This is an expansion to the extremely successful PC strategy game Medieval II:Total War. It follows the long and storied tradition of the Total War series that started years ago with Shogun Total War.
Fans of the series love the games for their consistently epic and realistic large scale conflicts, along with the high degree of historical accuracy.
Fans of the Total War series will love this expansion, as it adds more historically accurate, enthralling and epic scale conflict. The Expansion presents four miniature campaigns, each one focusing on a more specific part of Medieval or Early modern History. The different campaigns are steeped in flavor and individual character, really setting them apart from the campaign map in the "Vanilla" game.
There are four individual campaigns, which I'll briefly describe here. The most enjoyable was a campaign set in the British Isles, allowing the player to control the English, Welsh, Scottish or Irish in a desperate battle for control. The next campaign is set in the area around Lithuania, and focuses on the last pagan kingdom of Europe's struggles against Christianity. It's an interesting moral choice, of holding onto your own culture or giving in to outside pressure. The battle for the holy land is looked at in extreme detail in the next campaign, focusing on Crusader Kingdoms. These epic battles in the desert are what Medieval II was made for.
The last of the four campaigns was the strangest. It wasn't un-enjoyable, but it was quite strange. The last campaign focused on the conquest of Central America by the Spanish Empire. You can play as the Spanish , Aztecs, Apache or Maya.

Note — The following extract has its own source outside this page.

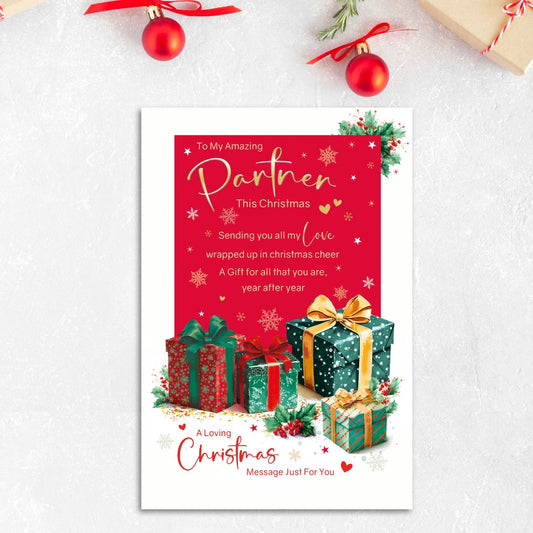 Partner Christmas Card - Christmas Gifts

The native American groups have a major technological disadvantage, and many tactical disadvantages, not having gunpowder and for the most part not having heavy infantry and cavalry. An even moderately skilled player will win as the spaniards, even if by attrition. Playing as the natives though, is quite interesting, a tactical challenge. It also has a certain feeling of heroism, protecting your lands from invaders.
It's the Americas campaign that plays the most differently from Medieval II, in the limited unit types and lack of balance. It seems as though the game mechanics meant to simulate large, open-field battles in Middle Ages don't work as well for an early modern, occasionally guerilla war.
All in all, Kingdoms provides a solid experience chock-full of new tactical options for the discerning player. It also opens up history in far more detail, showing a very interesting world.